» **Problem to work on**
Exactly the lines from the one with "Neutral linen blend" through the end of the data below must be set down, and no pictures with them.

» **Material shown**
■ ■ ■ ■
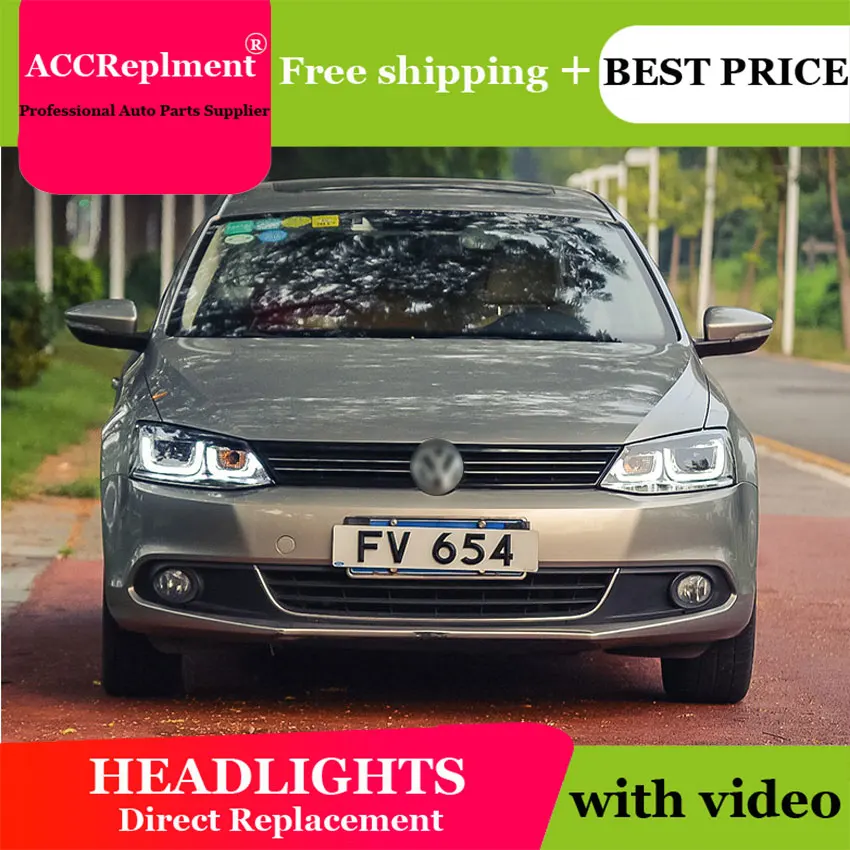 Автомобильные фары PRO 2011 2012 2013 2014 для vw jetta Стайлинг автомобиля U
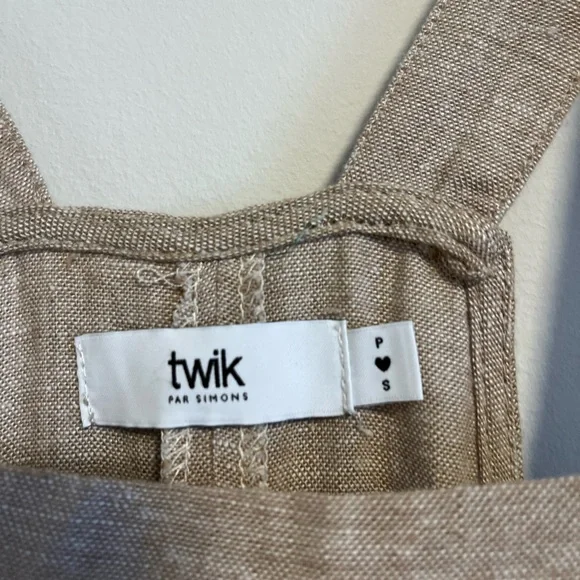 Neutral linen blend twik overalls 🖤 - Picture 4 of 9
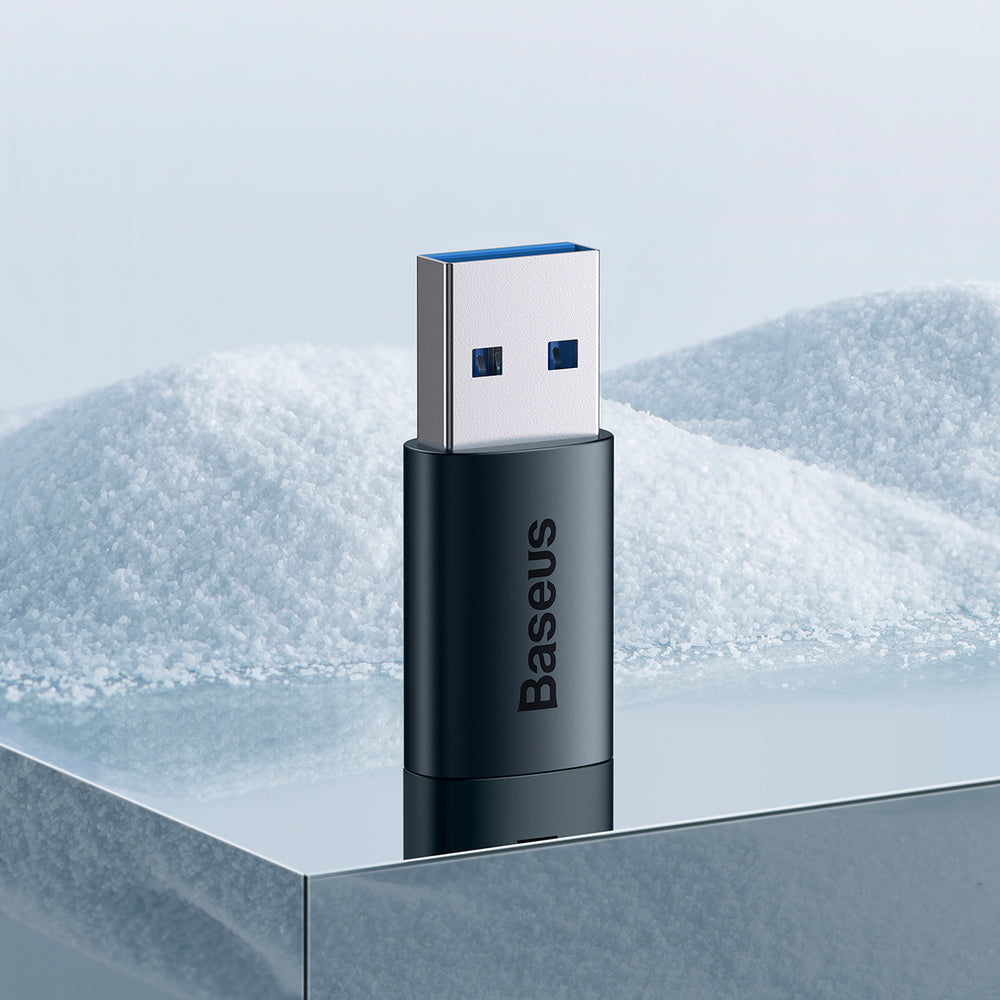 Baseus Ingenuity Series Mini USB 3.1 OTG til USB Type C adapter blå (ZJJQ000103)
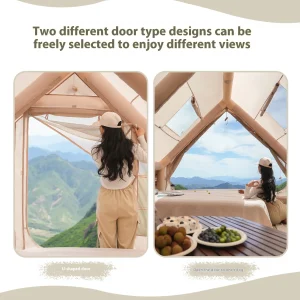 , Inflatable Tents With Stove Plug, 4/6/8 Person - Thumbnail Image 2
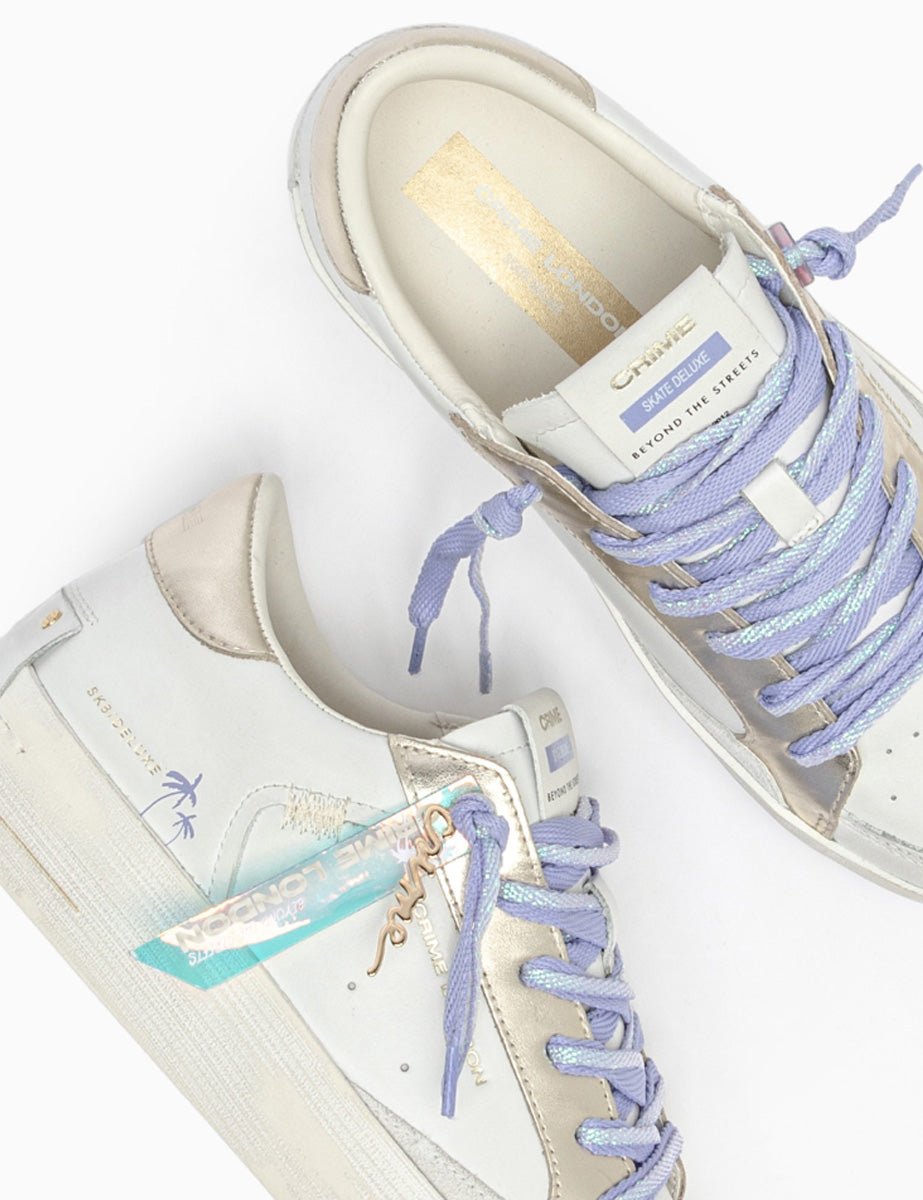sneakers deluxe lilla bianco - crime - sneaker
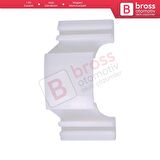 VW için 10 Adet Yan Pervaz Klipsi, Beyaz 1H0853585A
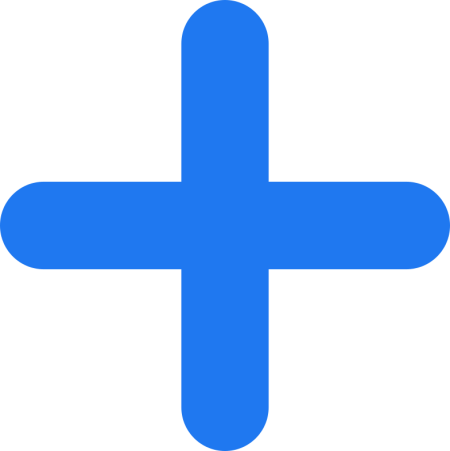 Знак плюс черный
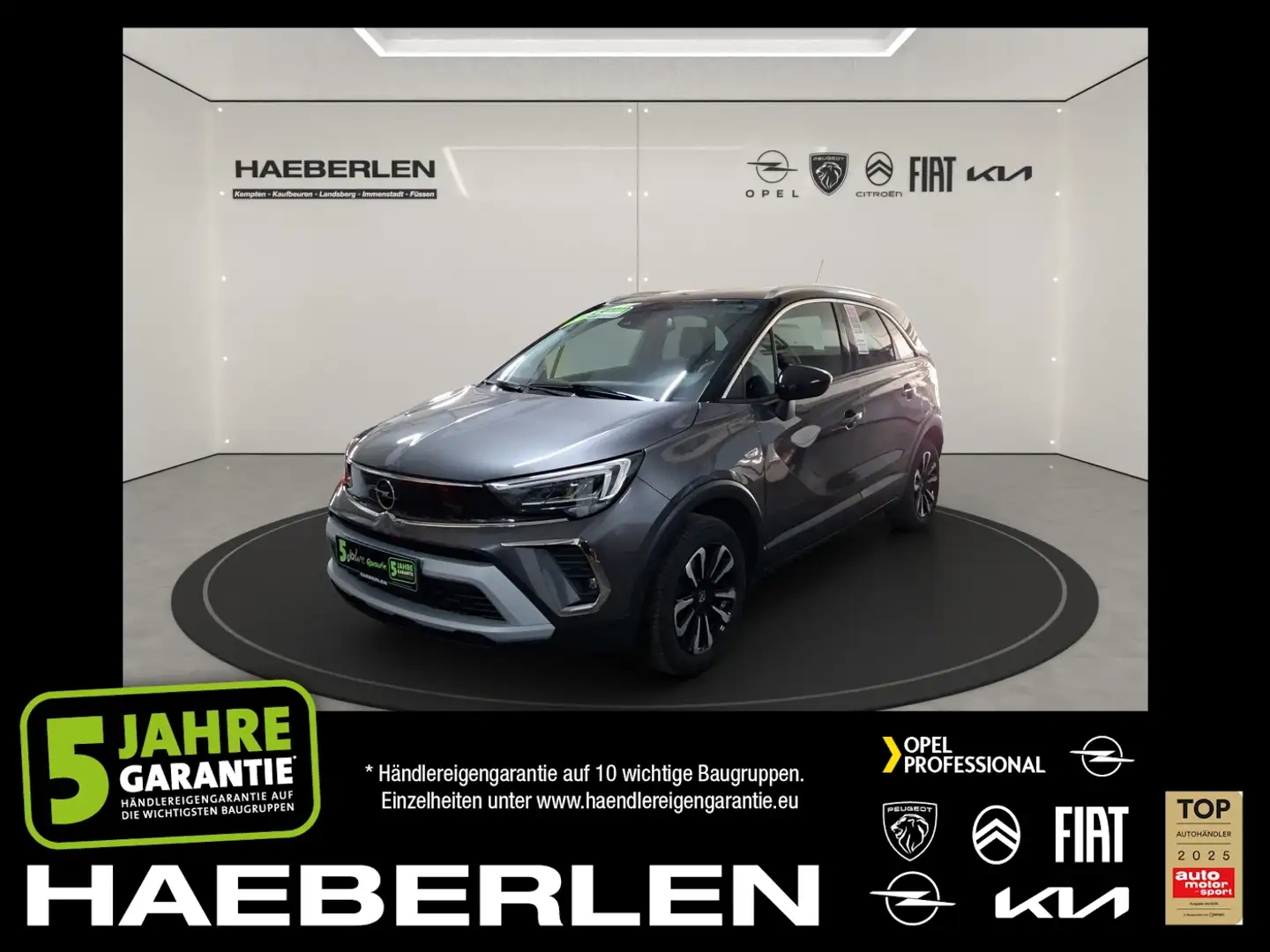 Opel Crossland 1.2 Turbo Elegance Grijs - 1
■ ■ ■ ■
» **Task result**
 Neutral linen blend twik overalls 🖤 - Picture 4 of 9
 Baseus Ingenuity Series Mini USB 3.1 OTG til USB Type C adapter blå (ZJJQ000103)
 , Inflatable Tents With Stove Plug, 4/6/8 Person - Thumbnail Image 2
sneakers deluxe lilla bianco - crime - sneaker
 VW için 10 Adet Yan Pervaz Klipsi, Beyaz 1H0853585A
 Знак плюс черный
 Opel Crossland 1.2 Turbo Elegance Grijs - 1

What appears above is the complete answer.